Wah, 74% utang valas swasta tidak dihedging



JAKARTA. Setelah digaungkan sejak 2013, implementasi aturan lindung nilai atawa hedging atas pinjaman luar negeri berdenominasi dollar Amerika Serikat (AS) masih minim. Padahal utang luar negeri korporasi kian menumpuk.

Data Bank Indonesia (BI) per Januari 2015, menyebutkan, utang luar negeri swasta, termasuk BUMN, sudah menyentuh US$ 163 miliar. Utang tersebut terdiri dari utang jangka panjang (US$ 115,86 miliar) dan utang jangka pendek (US$ 47,05 miliar).

Dari total utang swasta tersebut, termasuk BUMN, hanya sekitar 26% atau US$ 42,38 miliar telah di-hedging. Sisanya, 74%, belum di-hedging sehingga berpotensi membengkak saat nilai tukar rupiah terhadap dollar AS melemah. "Kami berharap BUMN dan korporasi swasta untuk hedging dengan menerapkan assessment risiko yang baik," ujar Agus Martowardojo, Gubernur BI, kemarin (10/4).


Melihat data ini, Kementerian Badan Usaha Milik Negara (BUMN) mengatakan tujuh perusahaan pelat merah akan segera melakukan hedging. Menteri BUMN Rini Soemarno menyebut, sudah ada empat BUMN yang telah berkomitmen untuk melakukan lindung nilai terhadap utang-utangnya, yakni PT Perusahaan Listrik Negara (PLN), Bank Rakyat Indonesia Tbk (BRI), Bank Negara Indonesia Tbk (BNI) dan Bank Mandiri Tbk.

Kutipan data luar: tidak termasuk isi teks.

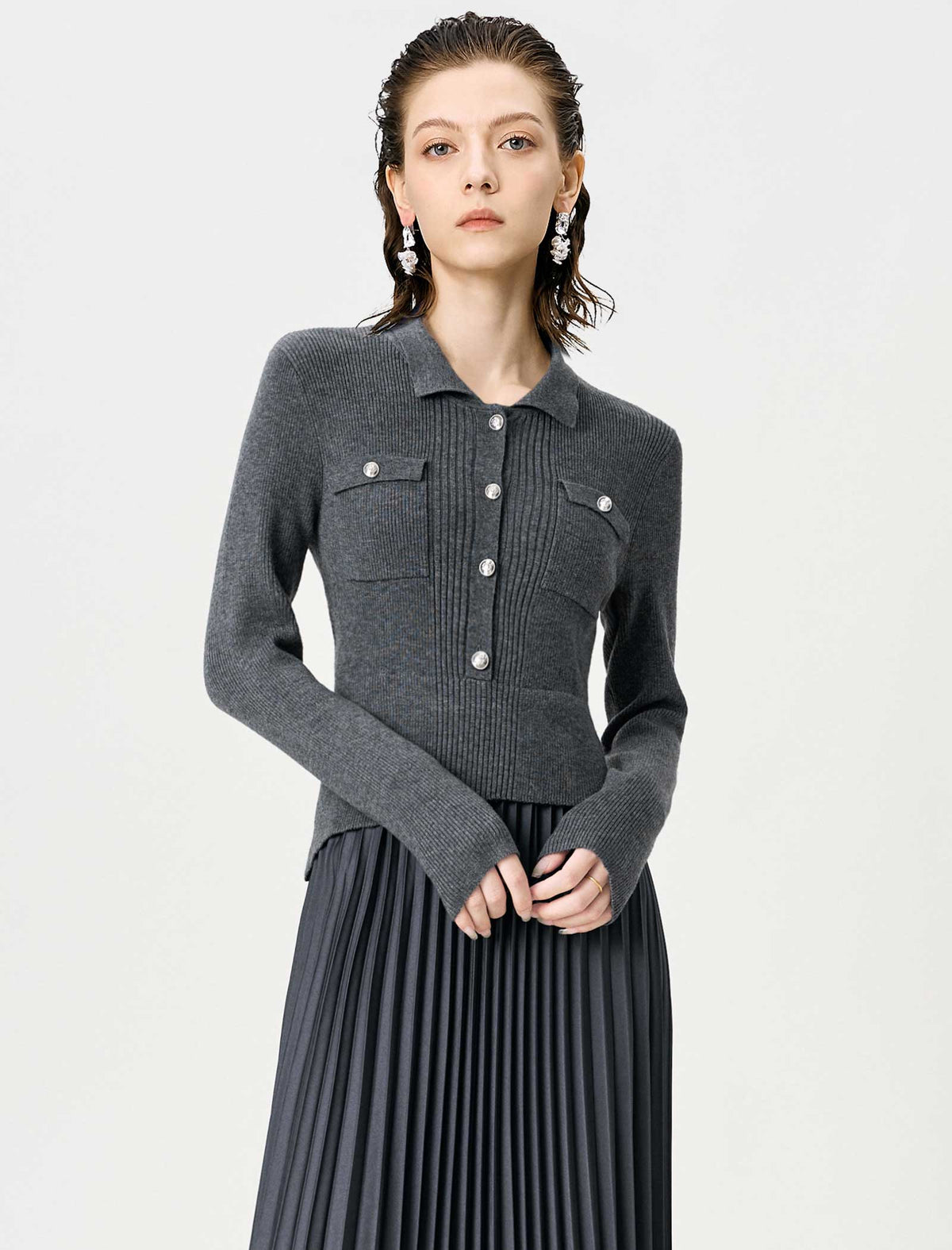 Wool-Blend Knit And Pleated Midi Dress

Selain keempat perusahaan itu, Kementerian BUMN mendesak tiga BUMN besar untuk hedging, yakni PT Pertamina, PT Krakatau Steel, dan PT Aneka Tambang karena ketiga korporasi ini memiliki utang dollar AS cukup besar.

Rini menilai penerapan aturan hedging menguntungkan BUMN, khususnya BUMN tambang dan infrastruktur yang berutang valas. Selama ini banyak BUMN enggan hedging karena khawatir dianggap merugikan negara sehingga akan diperiksa oleh penegak hukum. "Padahal lindung nilai ini agar pengelolaan keuangan pruden," kata Rini, Jumat kemarin (10/4).

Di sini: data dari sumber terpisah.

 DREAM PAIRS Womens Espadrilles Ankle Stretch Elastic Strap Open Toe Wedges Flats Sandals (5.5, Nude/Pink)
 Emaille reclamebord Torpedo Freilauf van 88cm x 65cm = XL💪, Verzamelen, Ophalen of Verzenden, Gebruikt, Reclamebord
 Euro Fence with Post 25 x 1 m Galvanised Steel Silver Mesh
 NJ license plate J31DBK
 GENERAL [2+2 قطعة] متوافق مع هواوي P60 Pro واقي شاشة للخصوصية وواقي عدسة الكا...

Kementerian BUMN bahkan mengusulkan agar kebijakan lindung nilai ini tak hanya diterapkan pada utang berdenominasi dollar AS, juga terhadap utang berdenominasi Yen dan Renminbi atau Yuan.

Pada kesempatan yang sama, Ditektur Utama PT PLN Sofyan Basir mendukung penerapan hedging karena akan memitigasi risiko dari pinjaman valas oleh PLN. Dari Rp 1.200 triliun biaya yang dibutuhkan oleh PLN untuk membangun proyek listrik 35.000 megawatt, sekitar Rp 600 triliun dari pinjaman. Dana pinjaman tersebut untuk membangun pembangkit, transmisi, gardu induk, dan jaringan distribusi listrik sampai tahun 2019.